What you'll discover is that white guys do it all!! They go into outer space. They rob banks and apprehend bank robbers. They repair strained relationships with their families. They travel through time. They solve mysteries. They climb Everest and train animals and cure diseases. They are zombies and soldiers and CEOs and presidents. All the while we (those of us who are not white guys) are told that these films are about universals truths: love, honor, fear, family, life, stuff like that. The movie theater is a classroom where we learn that white men can show up anywhere and speak about anything with authority. What's more, we can always connect with those struggles and learn something valuable from them.
You know what? If white guys are the universals, guess what that makes the rest of us? On a good day, we're "minorities," delegated to a special section of the bookstore, the magazine, the tv channel line-up. On a bad day, we're "divisive," "a special interest group," or "limited."

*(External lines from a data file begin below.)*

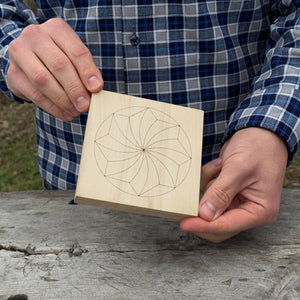 Small Linden Wood Carving Board with Pre-Drawn Pattern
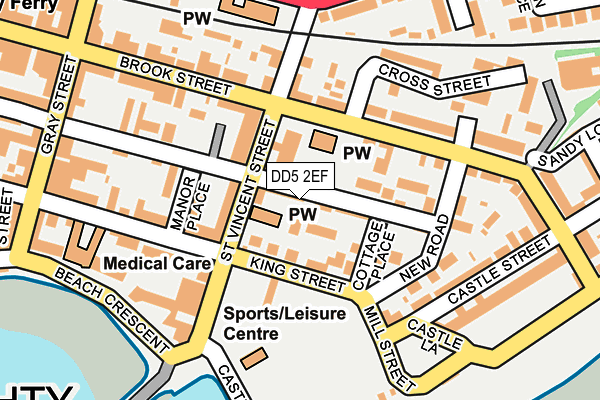 DD5 2EF map - OS OpenMap – Local (Ordnance Survey) DD5 2EF map - OS OpenMap – Local (Ordnance Survey)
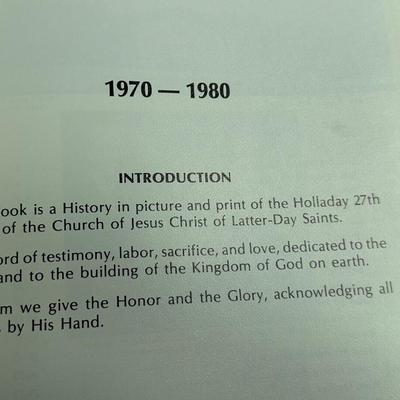 LDS HOLLADAY 27th WARD 1970-1980 UTAH HISTORY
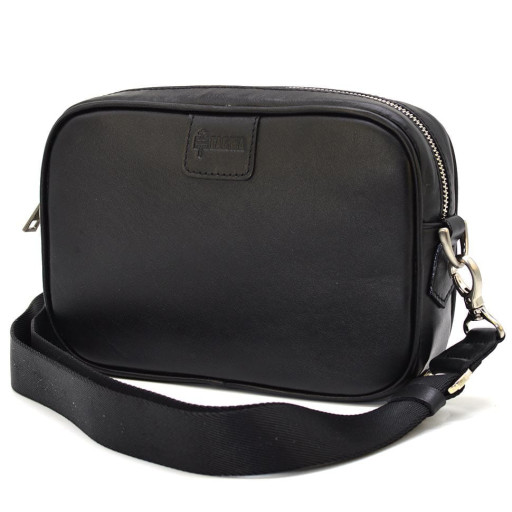 Шкіряна сумка барсетка чорна TARWA GA-7310-4lx
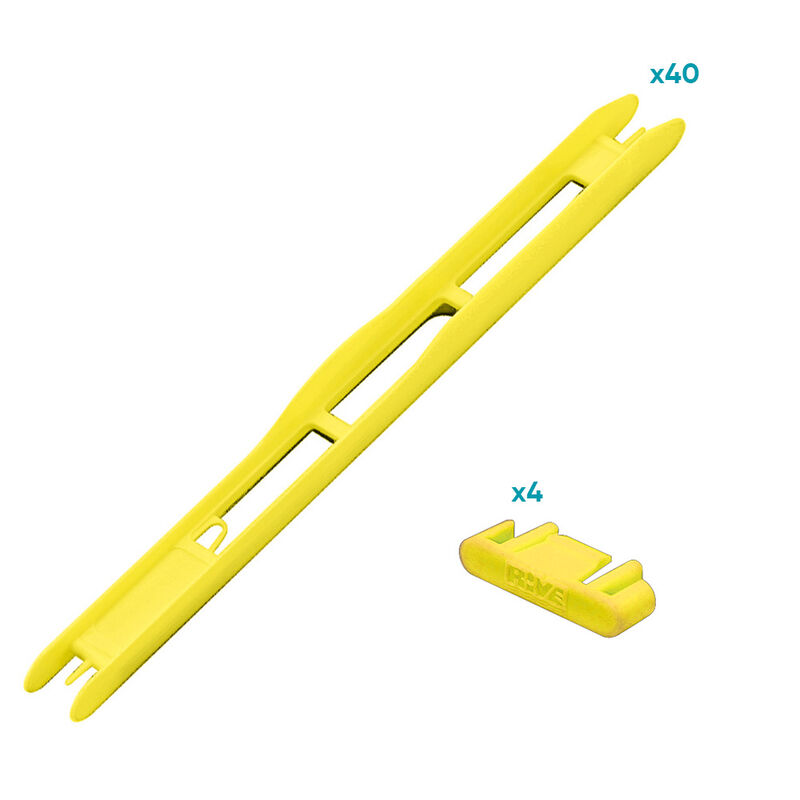 Kit Plioir Rive F2 30 Jaune (x40) - Plioirs | Pacific P&ecirc;che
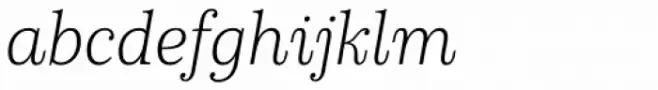 Schorel Norm Thin Italic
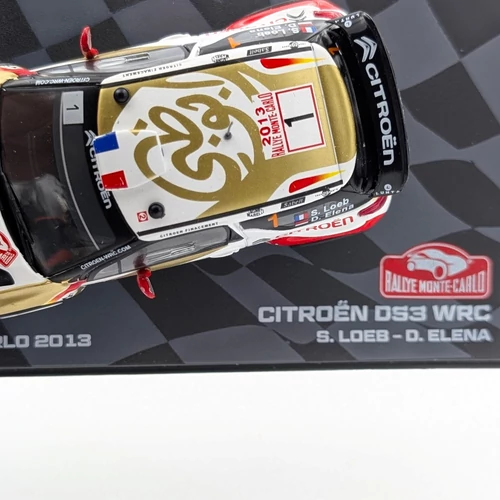 Citroen DS3 WRC #1 Loeb/Elena 2013 1:43 Atlas autó modell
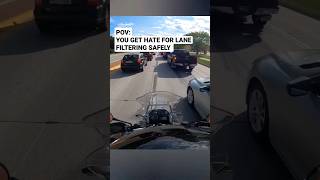 Lane filtering was legalized in MT October 21 #lanesplitting #shortclip #montana #motorcycle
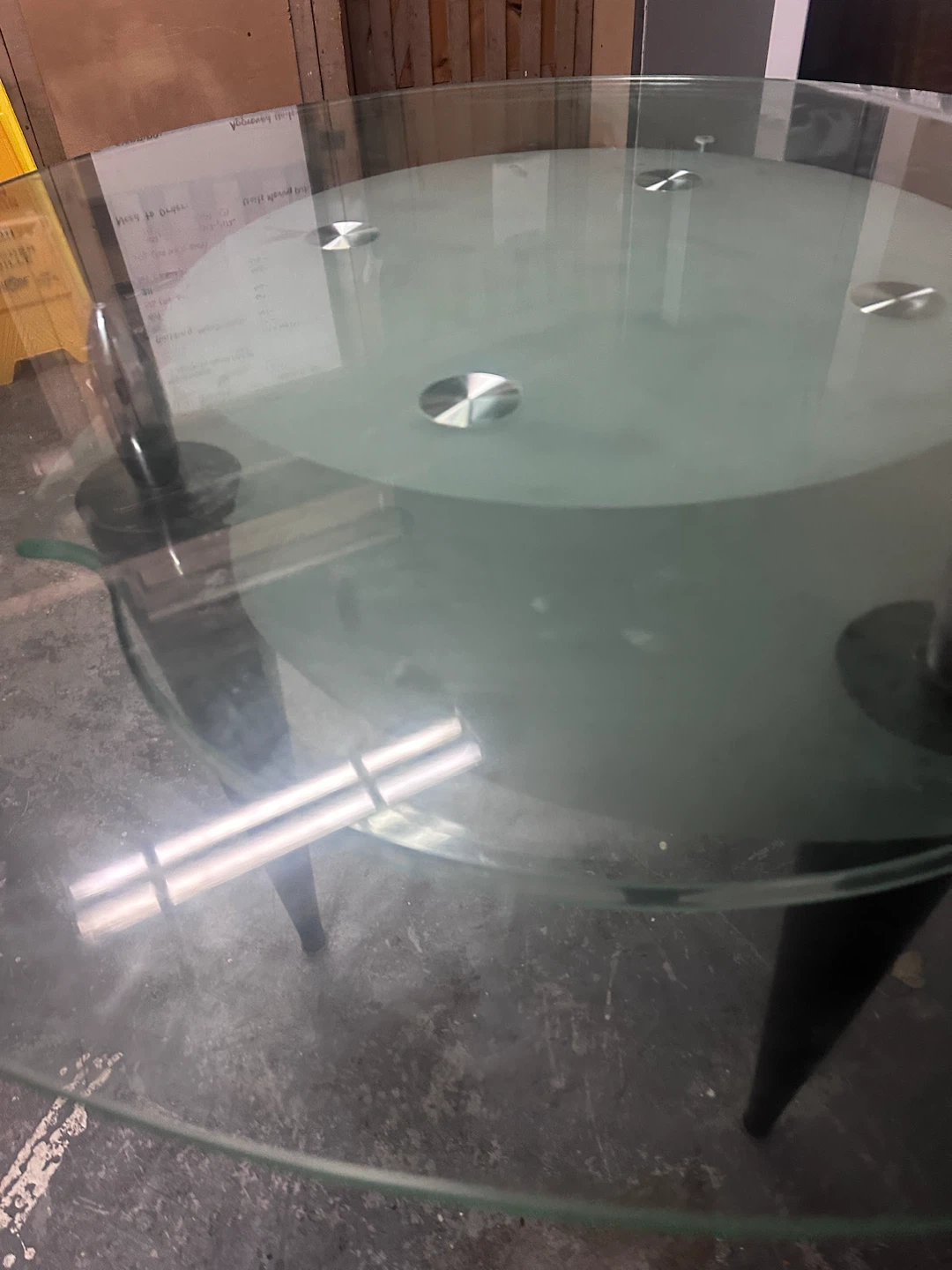2-tier 4-seater Glass Dining Table - photo 4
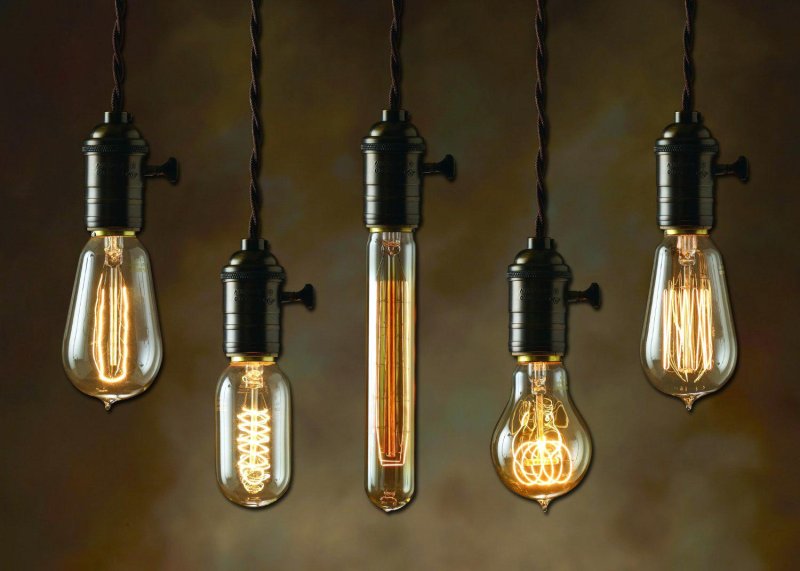 Retro Edison lamps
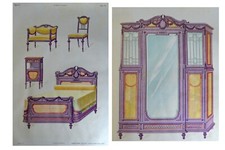 2 ESTAMPES ORIGINALES Chambre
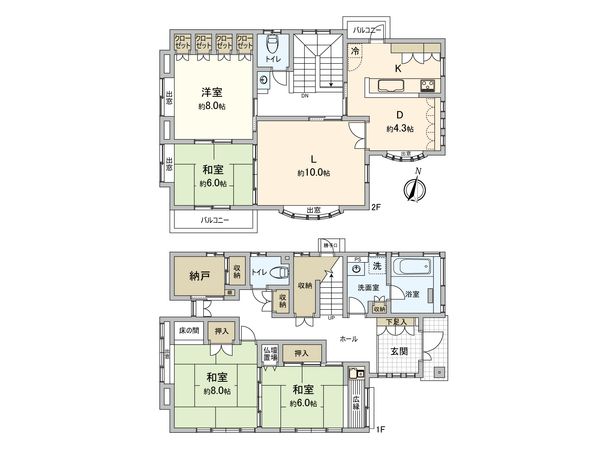 綾瀬市寺尾南3丁目 戸建 間取図(平面図)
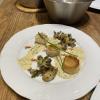 Voilà—here are the finished scallops with mushrooms!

Black Feminist Fitness Saved My Life!
Someone asked me yesterday if I have always had the kind of confidence that I exhibit now, and I told her that this confidence comes from years of studying Black feminism. Not only do I get models for thinking and writing, but I also learn that Black women's voices and Black women's experiences are not ancillary. We are crucial. We are important. We are brilliant. Who am I to not be confident coming from all that Black girl excellence?
When that shift happened for me, when I learned that the fitness magazines, the fitspo memes, the posters at my gym, the discourse around everything from kale to waist trainers to McDonald's, are ALL put out there to be universals, but are really just specific worldviews put out as universals, my world changed!
When I actively sought out those voices which have been pushed to the margins of fitness discussions (adaptive athletes, older exercisers, plus size participants, incarcerated athletes, queer and gender nonconforming athletes, new exercisers, non-exercisers), my world changed!
When I applied what I'd learned from over 20 years of this work, "Wrong Is Not My Name" was created.
How My Black Feminist Fitness Works
I am unapologetically fat and Black and female! That makes it rough sometimes here in New Hampshire, but I share those stories because I know I'm not the only one. Because I'm so often talked at rather than talked to, I make it a point to listen actively and create motivational posters and workout playlists so that we can feel stronger, happier, and more tuned into our brilliance. I speak out against the body shamers because I know a little something about how us outsiders get dismissed.
I do this work knowing full well that a fat Black woman suggesting that loving yourself more, changing your media consumption, doing movements that bring you joy if you want to, following the money because corporations profit off our feeling like shit, and doing something nice for someone else will NEVER EVER be as rich and as well-respected as people who sell pornographic fitness magazine covers, tell us that our busy work schedules, childcare and eldercare responsibilities, and food desserts are just excuses, and an industry designed to sell us fat folks pills and potions. *in my Nikki Minaj voice* I tell you that you are wonderfully perfect just the way you are.
These are the so-called universals of diet culture, and they are steeped in white supremacy and misogyny. Like with film trailers, these messages can show up anywhere and speak with authority about anything, and even when we know that they're not talking to us, we're supposed to connect and learn something valuable.
Fuck all that!
|No really! I LOOOOOVE Black women!!!!|
|This is one of my favorite fitness motivational quotes!|
Thought For Today: When was the last time I heard a fat Black woman being held up as a fitness resource? When I do see fat Black women in the media, how often are they talking about fitness or wellness?